GOAL OF THE EXERCISE
Print the listing below a second time, exactly, and omit its images.

SOURCE MATERIAL
▶

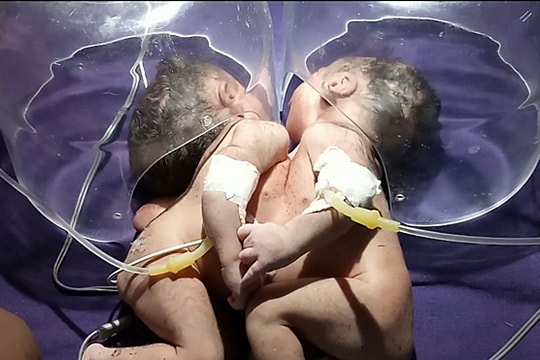 Cặp song sinh dính liền chung một trái tim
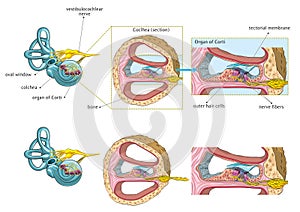 Internal ear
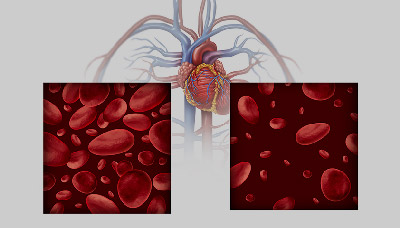 При железодефицитной анемии в крови уменьшается количество эритроцитов — красных кровяных телец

◀

ANSWER SECTION
 Cặp song sinh dính liền chung một trái tim
 Internal ear
 При железодефицитной анемии в крови уменьшается количество эритроцитов — красных кровяных телец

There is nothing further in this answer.